▶ [EXERCISE]: With the pictures left out, please return exactly the line holding "5 yaşındaki çocuğun" and each following line until the entries end.

■ ■ ■ ■ ■ ■ ■

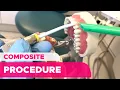 Step by Step Dental Assisting Training for Composite Restorations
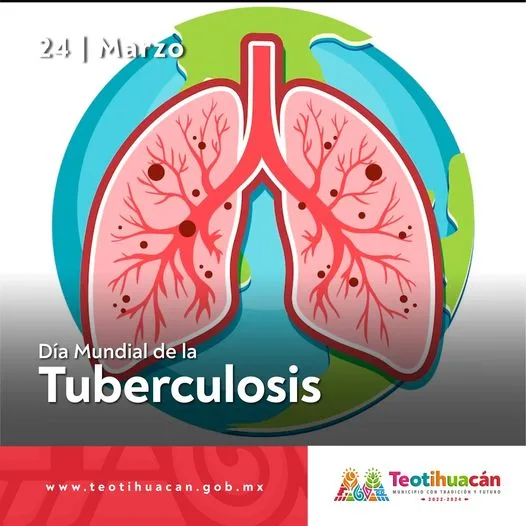 1679680668 Enfermedad bacteriana infecciosa que afecta principalmente a los pulmones jpg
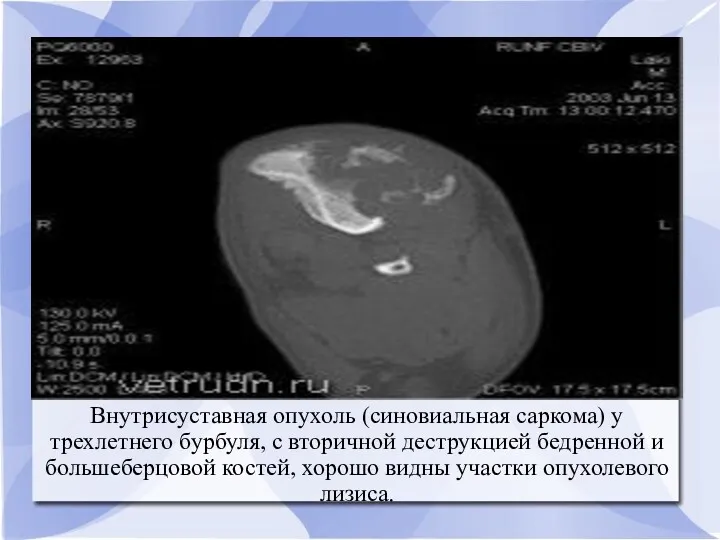 Внутрисуставная опухоль (синовиальная саркома) у трехлетнего бурбуля, с вторичной деструкцией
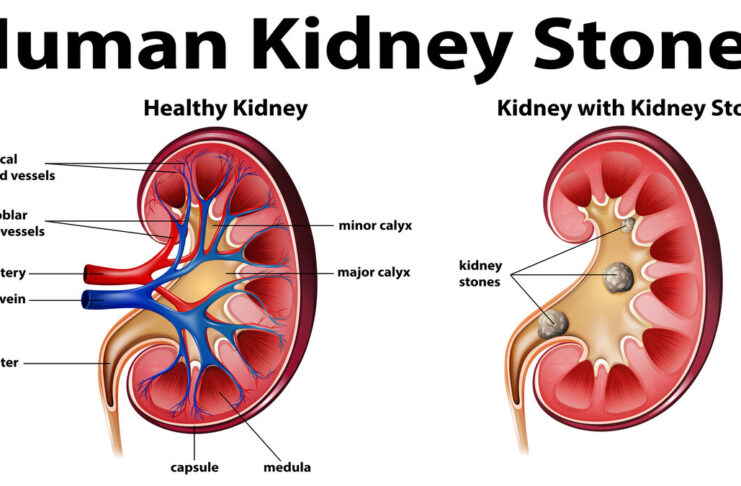 Kidney Stone Diet Management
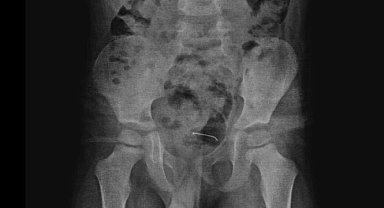 5 yaşındaki çocuğun yuttuğu toplu iğne, ameliyatla çıkarıldı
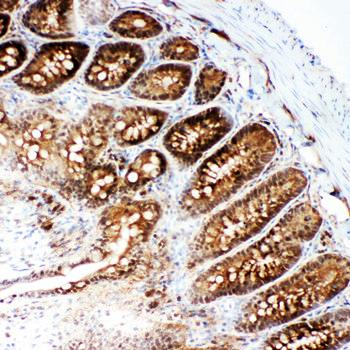 Anti-VCP Antibody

■ ■ ■ ■ ■ ■ ■

▶ [RESPONSE TO THIS TASK]:
 5 yaşındaki çocuğun yuttuğu toplu iğne, ameliyatla çıkarıldı
 Anti-VCP Antibody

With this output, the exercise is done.